春川が最原と百田の仲取り持ってくれるシーンで、春川もも百田と最原に救われたから返したいと思ってくれているんだろうなと思ってブヒりは最高潮に。
思い出しライトを持った春川のやれるだけやろうというセリフ、かなりブルアカのアズサじゃんと思っていた。

「キーボが1番真っ直ぐに希望に向かってるの成長を感じる」というメモを残しているんだけど、ここまであからさまでもキーボが希望のもじりであることに一切気づきませんでした。

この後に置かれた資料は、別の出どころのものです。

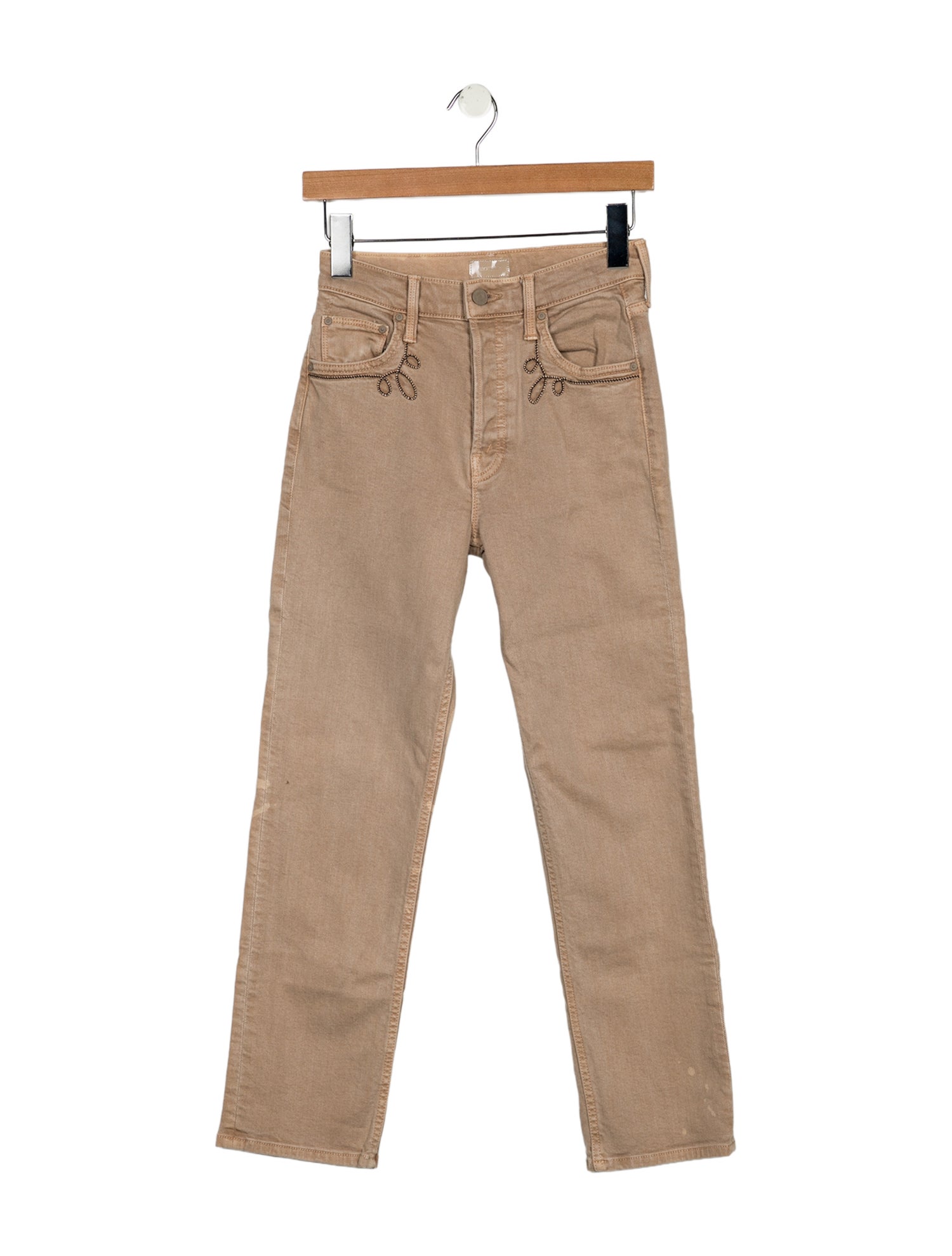 Mother Mid-Rise Straight Leg Jeans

裁判始まってもずっと王馬を信じたかったし、最原以外のみんなで結託して王馬を殺してる可能性もあるかも知れないとか思ってました、すみません…。
1章のおかげで主人公サイドのテキストも信用しきれないのがお上手でした。
5章の裁判は好きなセリフが多いけど、特に王馬(ボイチェン百田)の「俺が死ぬわけないじゃァ〜ん!」の発声は何度も再生してしまった。やっぱ下野ってベテランなんだな。
「そのキャラクタ間だけでの特別な呼び名」にこだわりたいオタクとしては王馬にハルマキって呼ばれたときに春川が「あんたが…その名前で私を呼ぶな!」って返していた萌え萌えなんだよな。(なんだよなオタクくん)
「ウチは王馬なんか嫌いじゃ!」「俺は好きだけどね」については、私からは何も……。

そしてあくまでこのゲームの装置だったモノクマを参加者に引き摺り下ろす展開に大興奮。
ここで春川が百田が生きてる可能性に賭けること、それを最原と証明しようとしてるの泣いた。
これまで犯人を追い詰めるためのトドメとして機能してきた理論武装が、春川が犯人じゃないという証明として機能しているのでも泣きました。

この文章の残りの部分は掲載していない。